Exercise —
Below is a listing to copy exactly; no image goes into the copy.

Exercise data —
○ ○ ○ ○ ○ ○ ○

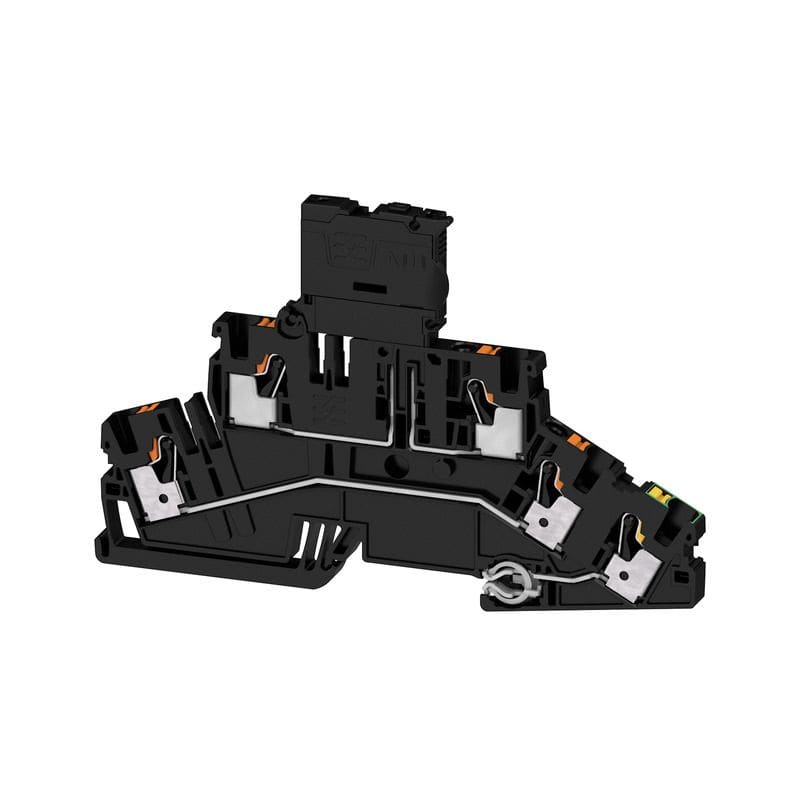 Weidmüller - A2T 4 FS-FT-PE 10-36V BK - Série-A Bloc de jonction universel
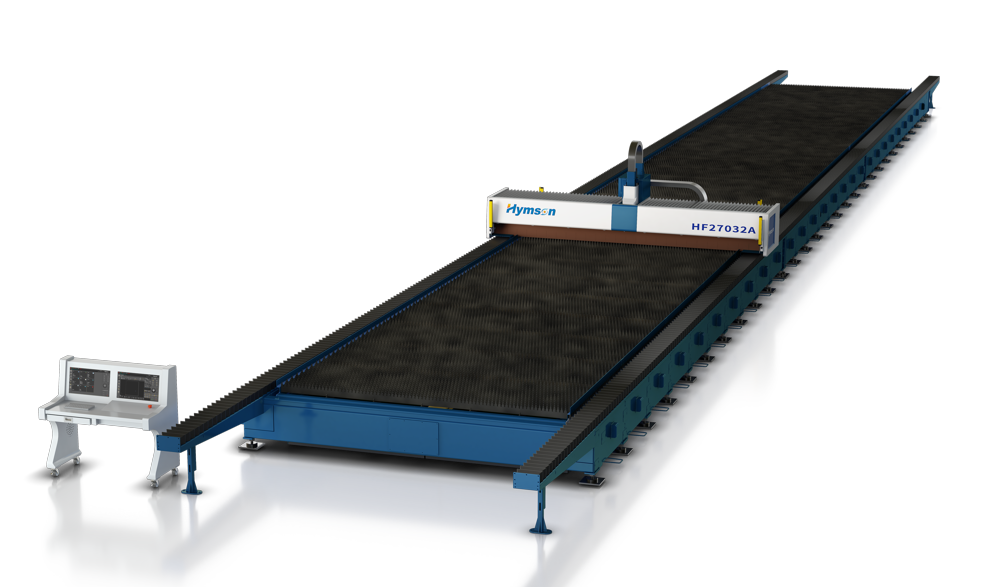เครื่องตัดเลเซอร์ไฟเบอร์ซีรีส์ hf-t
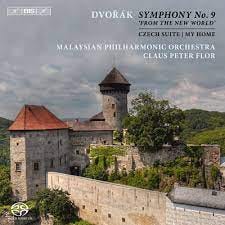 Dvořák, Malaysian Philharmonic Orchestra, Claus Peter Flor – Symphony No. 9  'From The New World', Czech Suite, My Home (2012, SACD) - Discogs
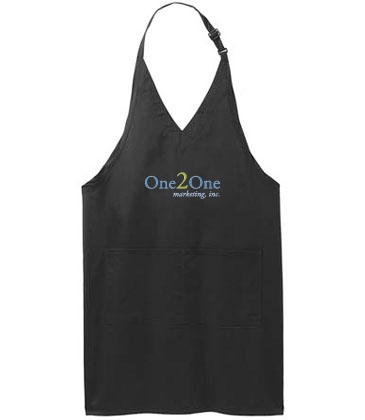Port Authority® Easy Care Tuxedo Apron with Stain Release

○ ○ ○ ○ ○ ○ ○

Response below —
 Weidmüller - A2T 4 FS-FT-PE 10-36V BK - Série-A Bloc de jonction universel
เครื่องตัดเลเซอร์ไฟเบอร์ซีรีส์ hf-t
 Dvořák, Malaysian Philharmonic Orchestra, Claus Peter Flor – Symphony No. 9  'From The New World', Czech Suite, My Home (2012, SACD) - Discogs
Port Authority® Easy Care Tuxedo Apron with Stain Release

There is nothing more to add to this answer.